PROBLEM: Output exactly, and only, the lines below from the one with "BellaNaija - DJ" down to the one with "2016 Chevrolet Silverado photo". Include both end lines and no pictures.

THE INPUT:
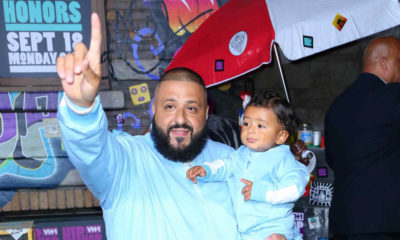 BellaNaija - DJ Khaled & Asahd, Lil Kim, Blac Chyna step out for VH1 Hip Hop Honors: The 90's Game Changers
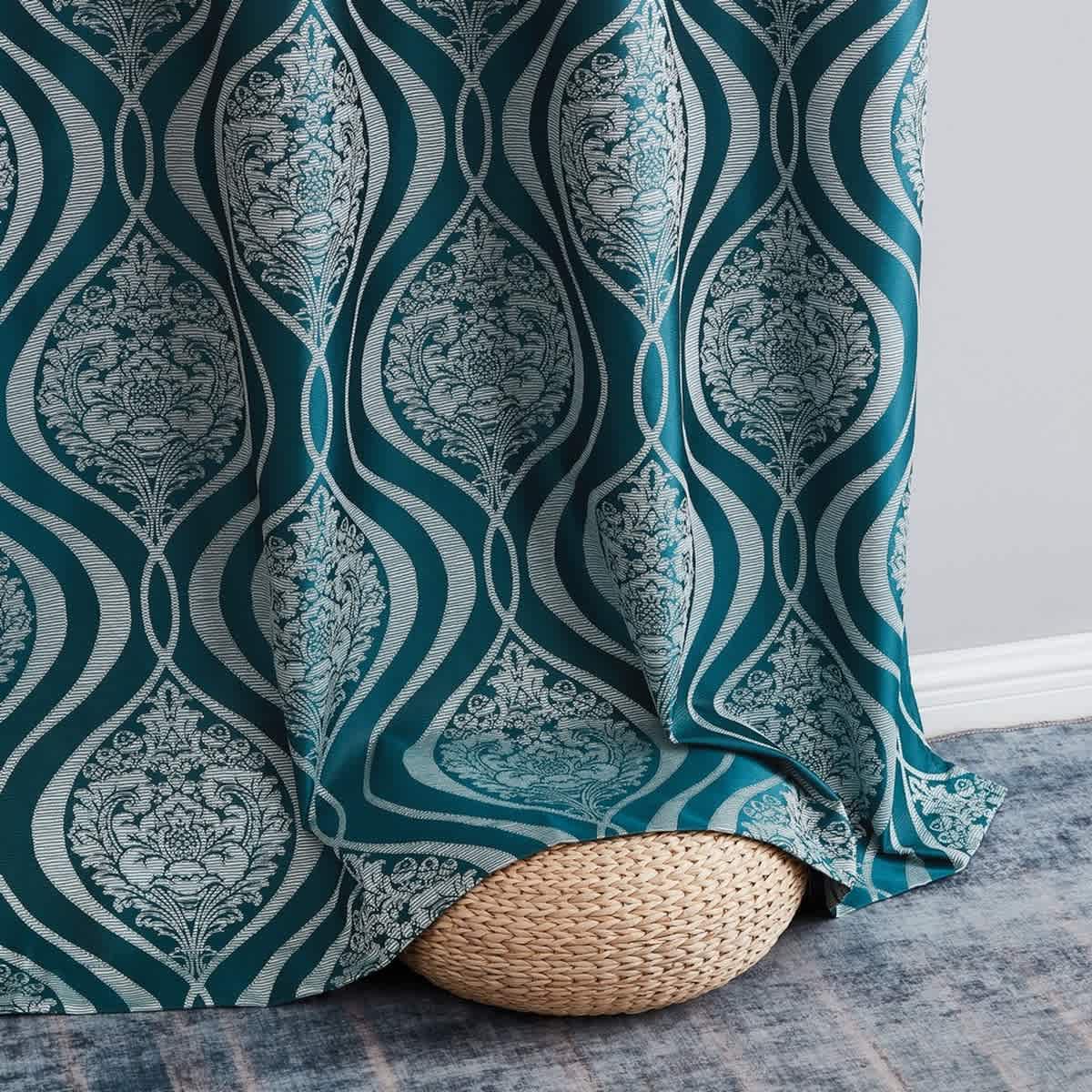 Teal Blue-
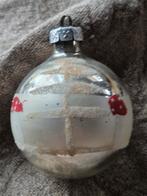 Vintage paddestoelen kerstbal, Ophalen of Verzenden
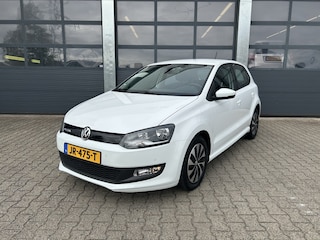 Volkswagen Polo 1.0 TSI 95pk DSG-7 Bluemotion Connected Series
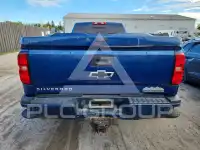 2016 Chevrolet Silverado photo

--

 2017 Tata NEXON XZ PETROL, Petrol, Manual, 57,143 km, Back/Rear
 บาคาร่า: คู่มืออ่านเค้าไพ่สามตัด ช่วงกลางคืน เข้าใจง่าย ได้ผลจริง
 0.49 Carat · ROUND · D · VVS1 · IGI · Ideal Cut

WRITTEN RESPONSE:
 BellaNaija - DJ Khaled & Asahd, Lil Kim, Blac Chyna step out for VH1 Hip Hop Honors: The 90's Game Changers
 Teal Blue-
 Vintage paddestoelen kerstbal, Ophalen of Verzenden
 Volkswagen Polo 1.0 TSI 95pk DSG-7 Bluemotion Connected Series
 2016 Chevrolet Silverado photo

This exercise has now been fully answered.